Premier Foods basket

Source: Premier Foods

Premier Foods’ grocery branded revenue increased by 4.6%

Premier Foods has exceeded £1bn in sales as the premiumisation trend buoyed sales of its posh cake lines and acquisitions delivered “double-digit growth”.

The Mr Kipling and Ambrosia maker posted headline revenue growth of 3.5% in the year to 29 March 2025 to £1.1bn.

Headline profit was “ahead of expectations”, up 6% to £187.8m, while revenue from branded products increased 5.2%, to over £1bn.

Grocery branded revenue increased by 4.6%, with recent acquisitions The Spice Tailor and Fuel10k both delivering double-digit revenue growth.

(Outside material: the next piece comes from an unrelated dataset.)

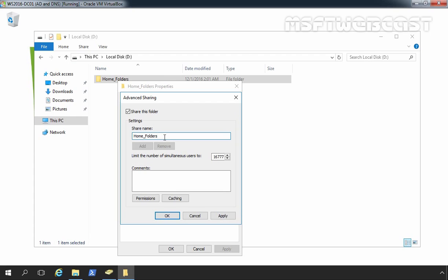When I set home folder, I like to keep root folder hidden. So, let's create this share as a hidden share by putting a dollar sign at the end of the share folder.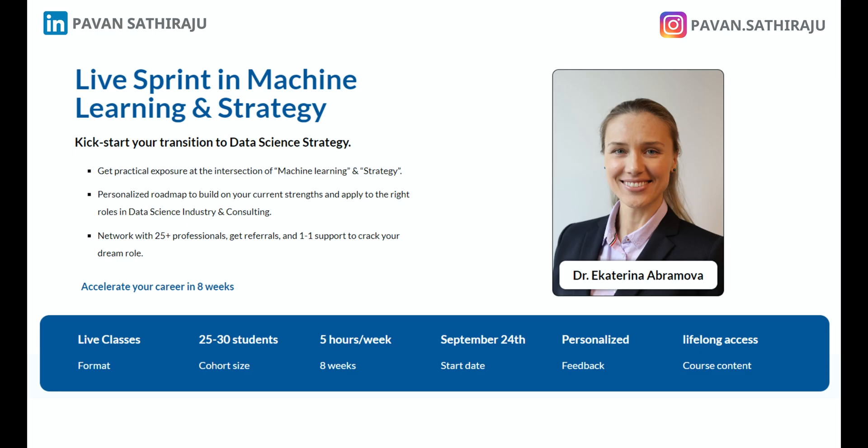A quick note: there is an eight-week course running at the intersection of machine learning and strategy, covering the basics of data science and strategy so you pick up both technical and business skills to apply for these roles. If you're interested, check out the link in the description. Thank you so much — if you liked this video, please press the like button.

In the fourth quarter, grocery headline revenue increased by 1.1%, with branded growth of 1.9% and non-branded revenue 7.4% lower. This run rate reflected the anniversary of “commencing sharper promotional price activity”, according to Premier Foods.

Posh cakes

Sweet treats branded headline revenue increased by 7.3% in the year, partially offset by non-branded revenue, so total headline revenue grew 4.0%.

Divisional contribution increased to £35.4m in sweet treats, and margins increased slightly to 11.9%, a 20 basis point improvement on last year supported by strong volume growth.

Mr Kipling’s Signature premium ranges performed particularly well; Brownie Bites grew by 78%, while Best Ever Mince Pies doubled revenue through expanded distribution, and indulgent Chocolate & Caramel Layer Cakes were launched to market.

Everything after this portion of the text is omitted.